STUDY MATERIAL —
=== Begin Enclosure ===

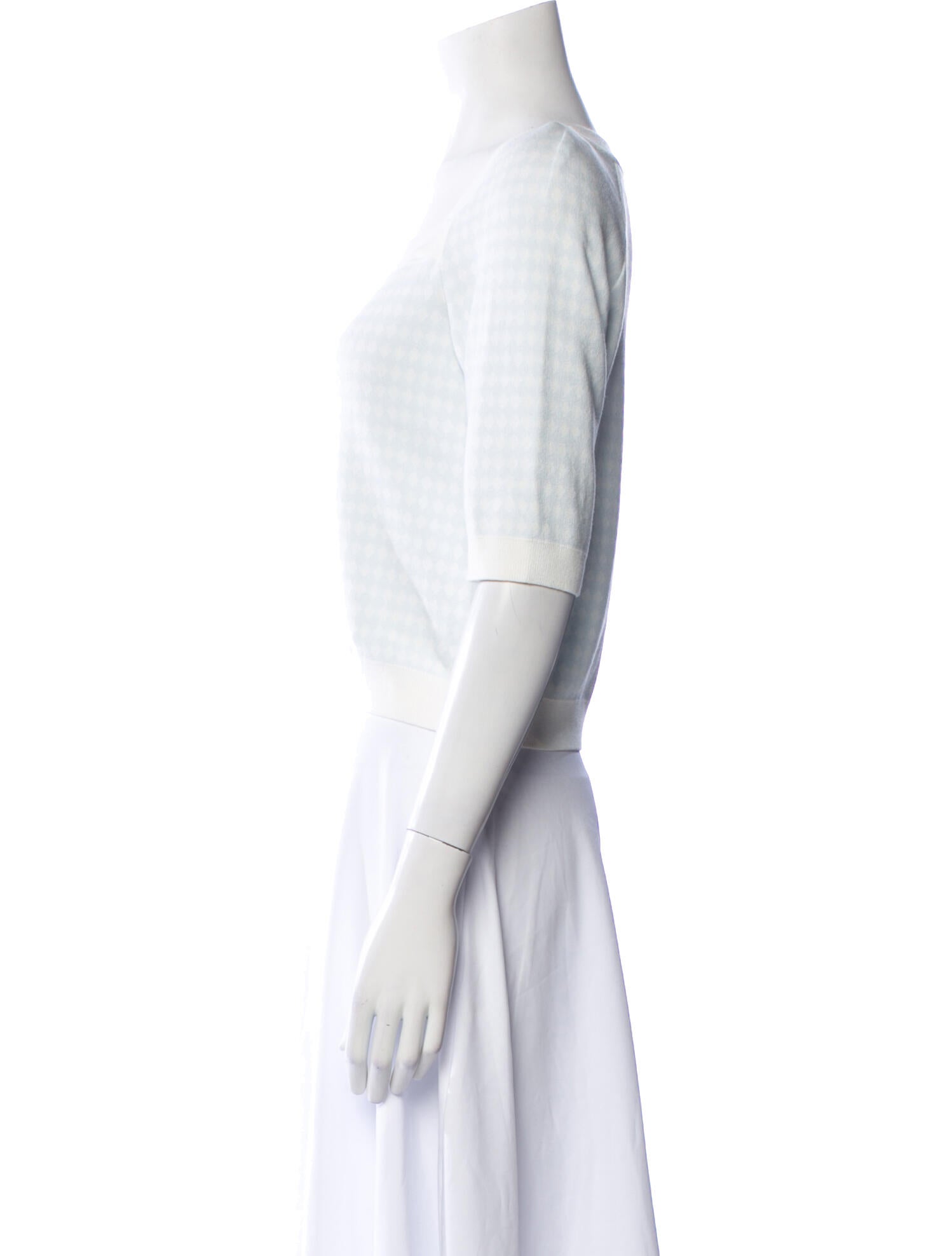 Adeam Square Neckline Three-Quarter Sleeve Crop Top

=== End Enclosure ===
=== Begin Enclosure ===

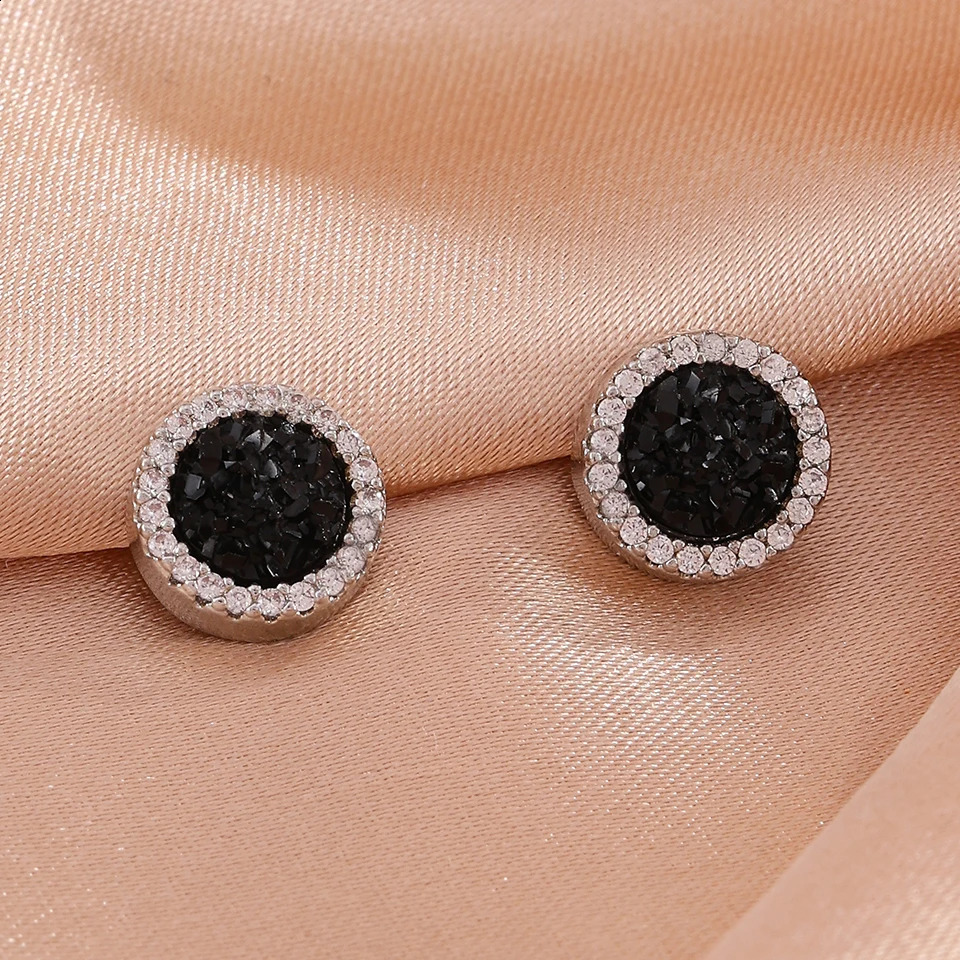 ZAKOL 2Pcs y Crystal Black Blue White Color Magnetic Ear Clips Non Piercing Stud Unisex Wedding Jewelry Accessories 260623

=== End Enclosure ===
=== Begin Enclosure ===

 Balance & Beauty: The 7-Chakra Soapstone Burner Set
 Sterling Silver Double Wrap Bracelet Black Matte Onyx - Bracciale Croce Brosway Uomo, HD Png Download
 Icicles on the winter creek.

=== End Enclosure ===

DIRECTIONS —
Of all the entries above, retype exactly the lines from the line with "Balance & Beauty: The" to the line with "Icicles on the winter creek.", both included, and no others.

OUTPUT OF THE TASK —
 Balance & Beauty: The 7-Chakra Soapstone Burner Set
 Sterling Silver Double Wrap Bracelet Black Matte Onyx - Bracciale Croce Brosway Uomo, HD Png Download
 Icicles on the winter creek.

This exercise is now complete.